# No sound with Amazon Firestick



## HuBui73 (Mar 17, 2017)

Please help. I am not receiving any sound on my Sanyo TV, model dp64840, with my new Firestick. I've plugged it in to all three of my HDMI ports and number 2 and 3 tell mee to plug it in to the 1st one. When I plug it into port one it says I need to plug in to Audio 3 for DVI connection. There are no cable for audio with a Firestick. I have tried changing the audio settings on the Firestick ans tried resetting my tv to the factory settings... both with no luck.

I hope someone can help me.

Thanks.


----------



## gcavan (Aug 13, 2009)

How are you powering the device?

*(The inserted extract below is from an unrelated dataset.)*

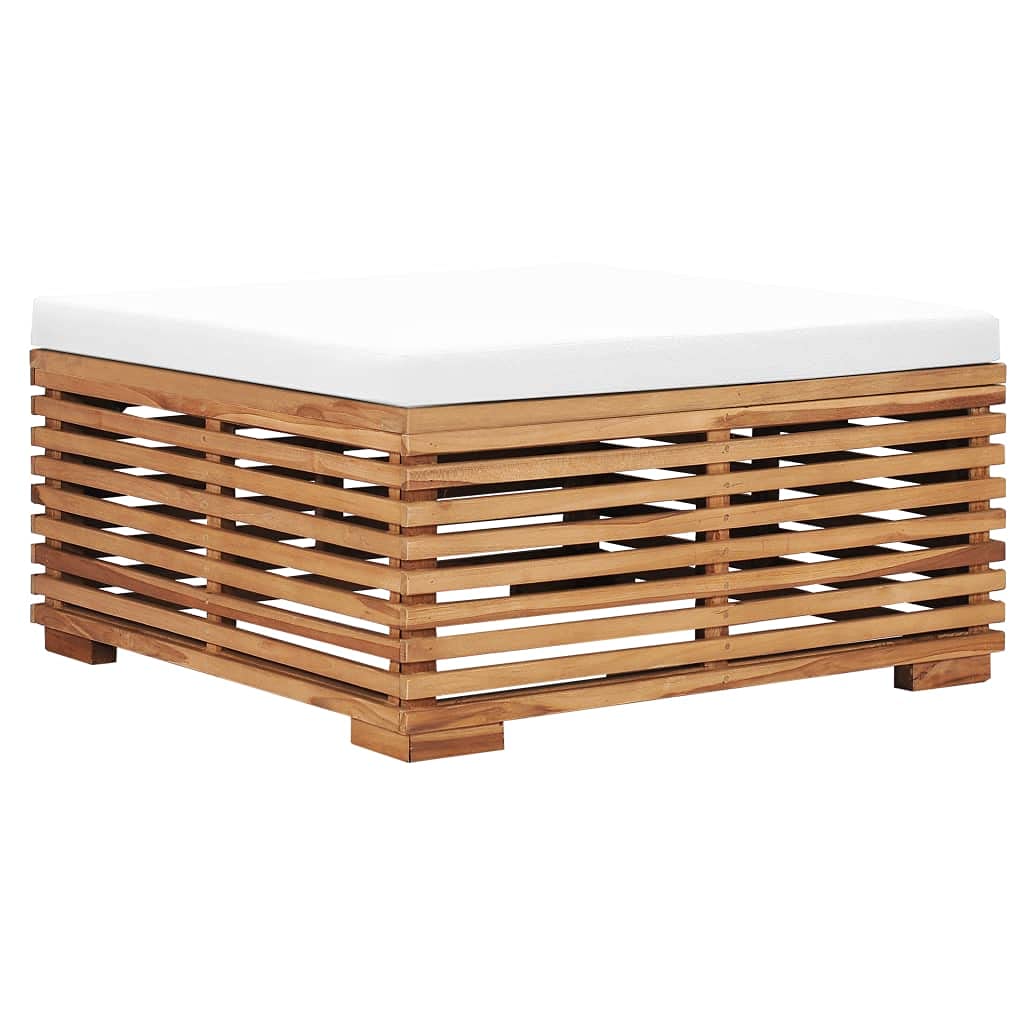 Premium Teak Wood Garden Footrest with Soft Cream Cushion - Ergonomic Outdoor Lounge Chair Accessory for Patio, Deck, or Poolside Relaxation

Many TVs are not able to provide enough power from the USB port, so try using the provided wall wart.


----------



## HuBui73 (Mar 17, 2017)

Good morning and thank you for that suggestion. I have been using a power cord, but I will give the wall plugin a try.


----------



## HuBui73 (Mar 17, 2017)

Well, plugging it into the wall did not work. :ermm:


----------



## JimE (Apr 16, 2009)

I would suspect all of those messages are coming from the TV, not the FireStick. So this would appear to be a TV issue.


----------



## JimE (Apr 16, 2009)

User Manual p.14 only USB memory sticks are supported (additional notes on p. 31)

You may want to contact Sanyo to verify if the FireStick is supported.


----------



## gcavan (Aug 13, 2009)

> User Manual p.14 only USB memory sticks are supported


USB port is only used to provide power. Device connects to an HDMI input and accesses internet through the local 802.11 wireless net.


@Hubui: Can you see the Firestick device on your network? Say from your router's embedded web page.


----------